Twits On Twitter

A high level abstraction we did at the start of the hackathon.

Inspiration

Our inspiration for this project is to combat online harassment, in correspondence with the anti online harassment theme for CrimsonHacks2017.

Specifically, we created a back end that could help moderators review content flagged by a machine learning algorithm, or that could be used to create an intelligent automatic moderating system, powered by a system that always learns. We used Twitter to demo our back end.

What it does

TwitsOnTwitter takes a Twitter handle from the user and grabs the last 200 tweets, and feeds them through our machine learning model (specifically, a support vector machine) to classify whether the tweet may be potentially harassing in nature. This data is visualized in the user’s browser, and specific harassment cases can be reviewed by clicking on the chart.

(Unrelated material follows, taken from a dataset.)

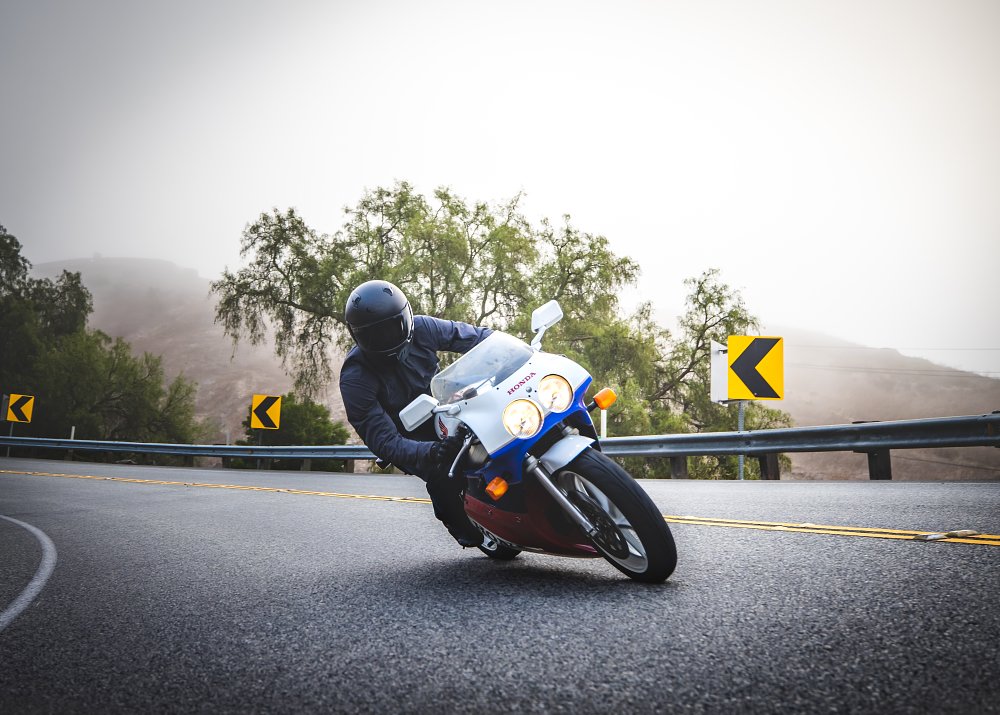 A Honda RC30 rides at camera through a right-hand curve.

While the scope of this project is limited to Twitter, the back end could be expanded to accommodate any different social media platforms, online forums, and etc. This could be useful for automatically managing users’ behavior, and/or assisting a human moderator in reviewing and moderating online harassment.

How we built it

We built ToT using a t2.micro Ubuntu EC2 instance on Amazon Web Services (AWS). For the backend, we used a custom Perl server to serve HTTP and HTTPS requests instead of using a standard apache/nginx webapp. For good measure, we used Let’s Encrypt to generate an HTTPS certificate after registering twitsontwitter.net using domain.com. We used AWS’s Route 53 so that DNS requests would route to our EC2 instance’s Elastic IP. We used Python for natural language processing, which used a support vector machine algorithm to determine whether or not sample text could be considered online harassment. Specifically, we used Python’s nltk and scikit-learn libraries. For the frontend, we used a small bit of Bootstrap and Highcharts to visualize the data. On the server side, we used a Python wrapper to interact with Twitter’s API. We used AJAX to communicate with the server, and the server responded with JSON data, which was parsed with JavaScript.

Challenges we ran into

Lack of experience with machine learning and NLP led to a less than ideal machine learning model. Web development can be a lot harder than it looks! Insufficient training data with our algorithm seemed to lead to a lot of false positives. Trying to combine perl and python on the server side proved to be more difficult than expected.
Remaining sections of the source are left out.